WHAT IS NEEDED>
Write out each entry below exactly. Do not include the images.
____________________
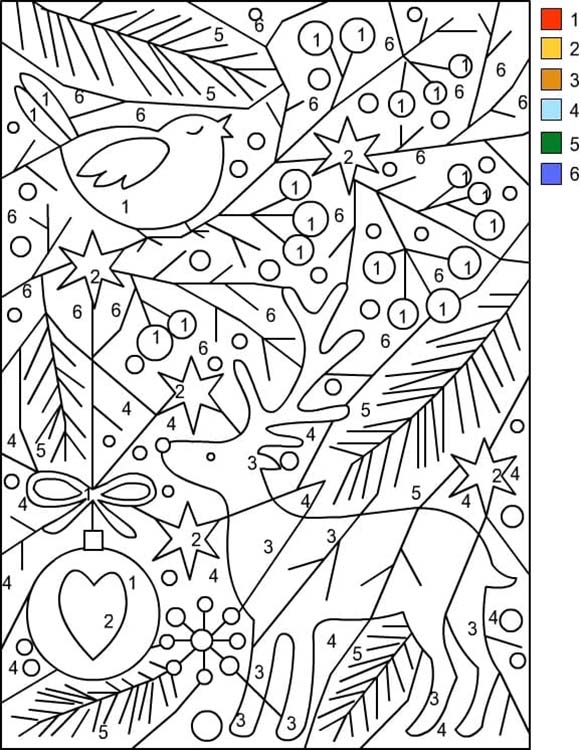 Coloriage Magique Noël gratuit facile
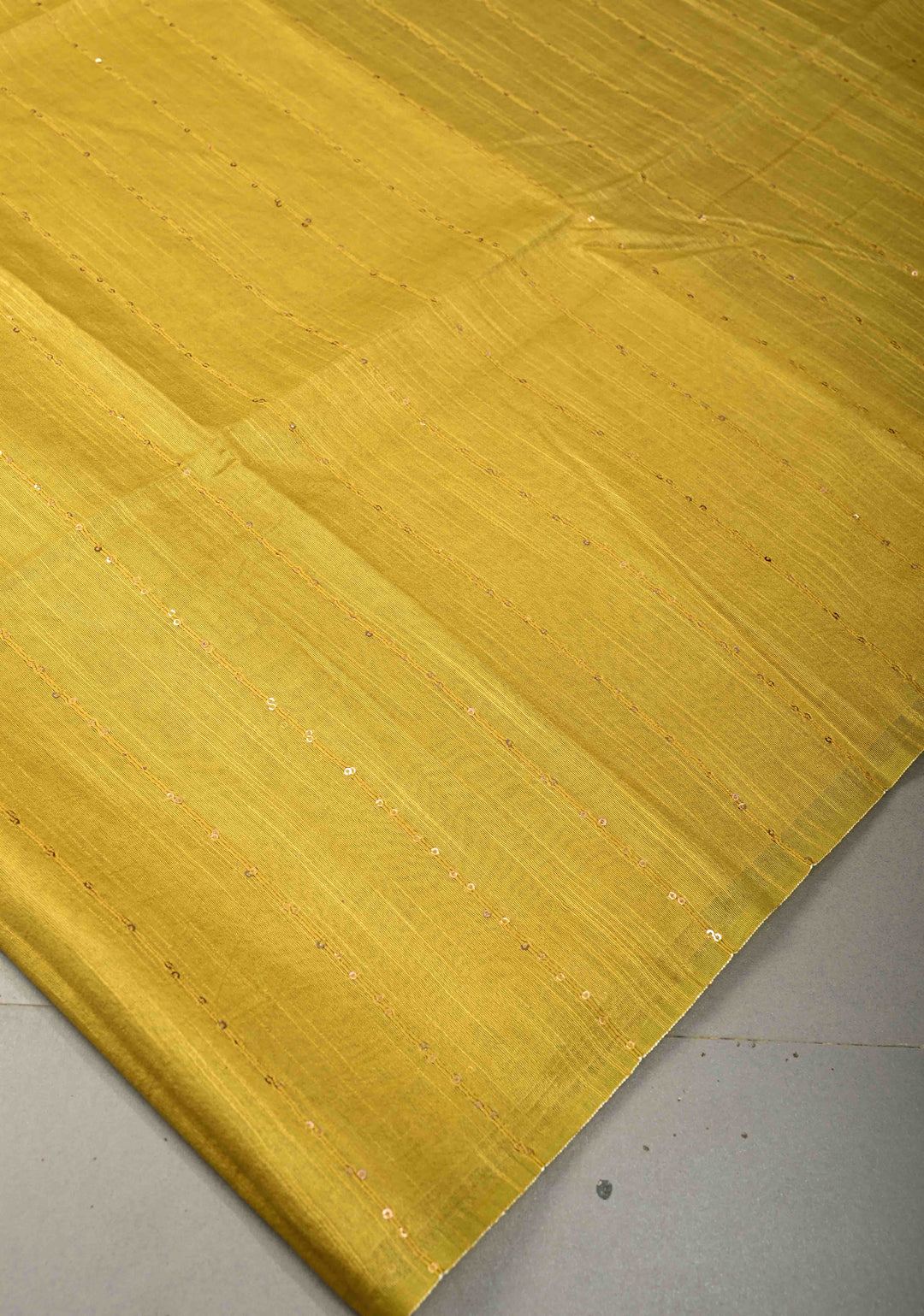 Mustard Yellow Borderless Semi Tussar Saree with Sequins Horizontal Stripes and Contrast Pallu | SHOBITAM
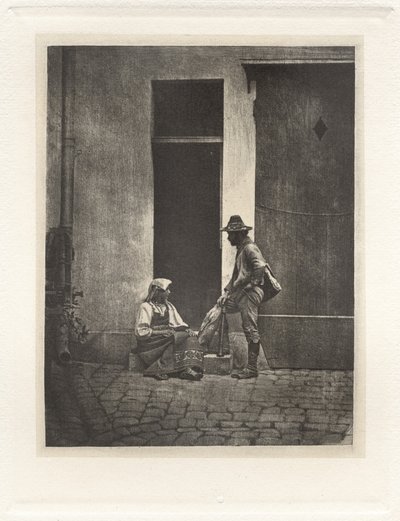 Planche IV - Pifferaro Debout et Paysanne Italienne Assise, dans la Cour du 21 Quai Bourbon（第四幅画--站立的皮费拉罗和坐着的意大利农民，波旁二十一号庭院），1854 年，1982 年印刷（照片） 作者 查尔斯·内格雷
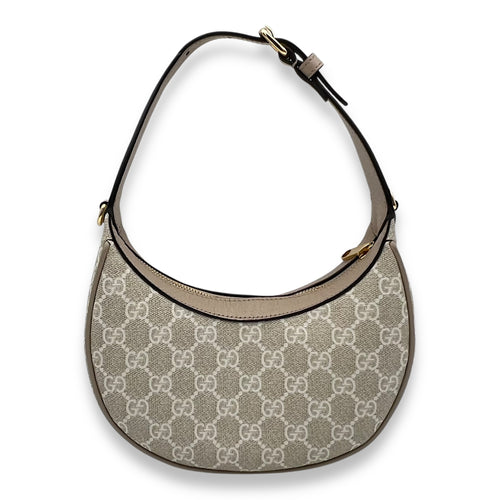 Gucci Ophidia Mini White Shoulder Bag in Coated Canvas, Gold hardware_2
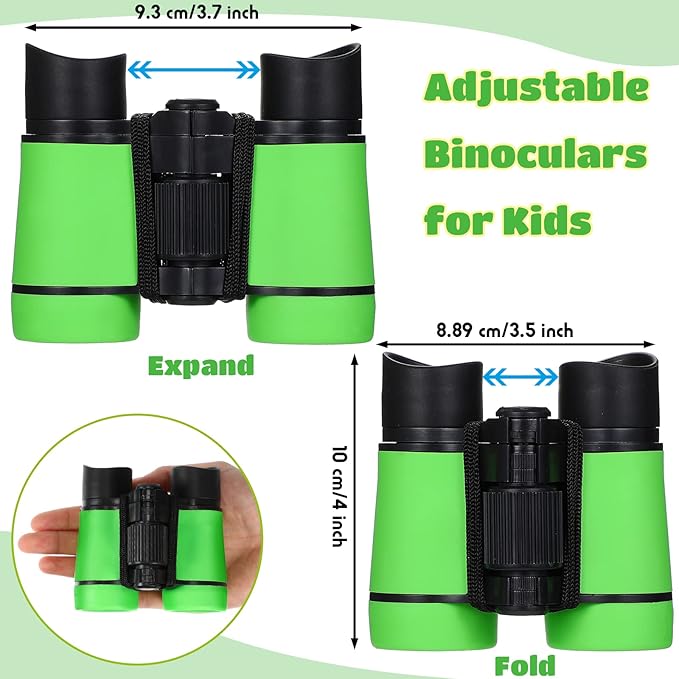 6 Pack Kids Binoculars Shock Proof Toy Binoculars Set for Age 3-12 Years Boys Girls Hunting Folding Small Telescope Birthday Gifts Bird Watching Educational Learning Camping Outdoor (Vivid Colors)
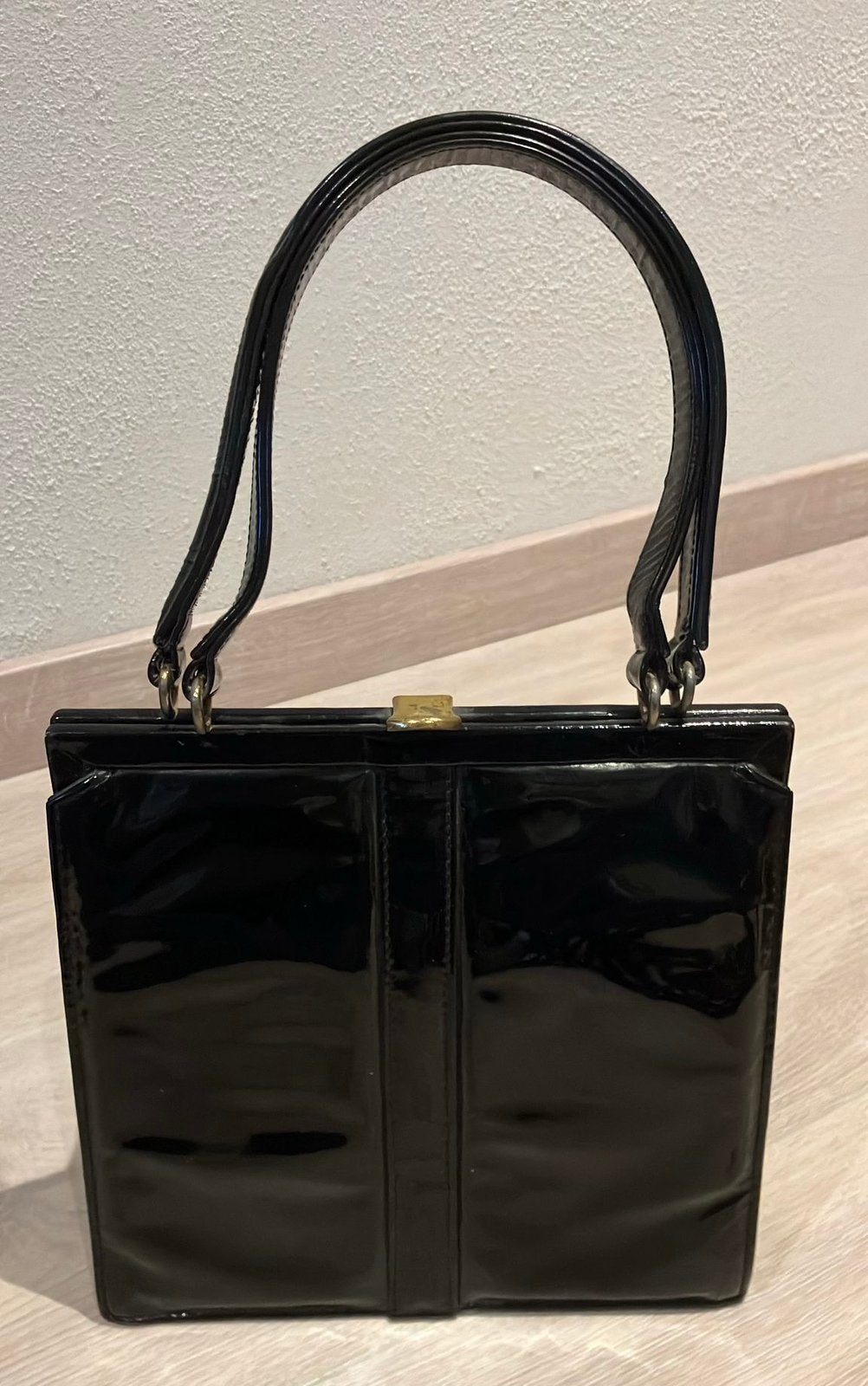 Vintage blok van Heijst tas leren handtas zwart roovers, Ophalen of Verzenden, Gebruikt, Zwart, Handtas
____________________
SOLUTION>
 Coloriage Magique Noël gratuit facile
 Mustard Yellow Borderless Semi Tussar Saree with Sequins Horizontal Stripes and Contrast Pallu | SHOBITAM
 Planche IV - Pifferaro Debout et Paysanne Italienne Assise, dans la Cour du 21 Quai Bourbon（第四幅画--站立的皮费拉罗和坐着的意大利农民，波旁二十一号庭院），1854 年，1982 年印刷（照片） 作者 查尔斯·内格雷
 Gucci Ophidia Mini White Shoulder Bag in Coated Canvas, Gold hardware_2
 6 Pack Kids Binoculars Shock Proof Toy Binoculars Set for Age 3-12 Years Boys Girls Hunting Folding Small Telescope Birthday Gifts Bird Watching Educational Learning Camping Outdoor (Vivid Colors)
 Vintage blok van Heijst tas leren handtas zwart roovers, Ophalen of Verzenden, Gebruikt, Zwart, Handtas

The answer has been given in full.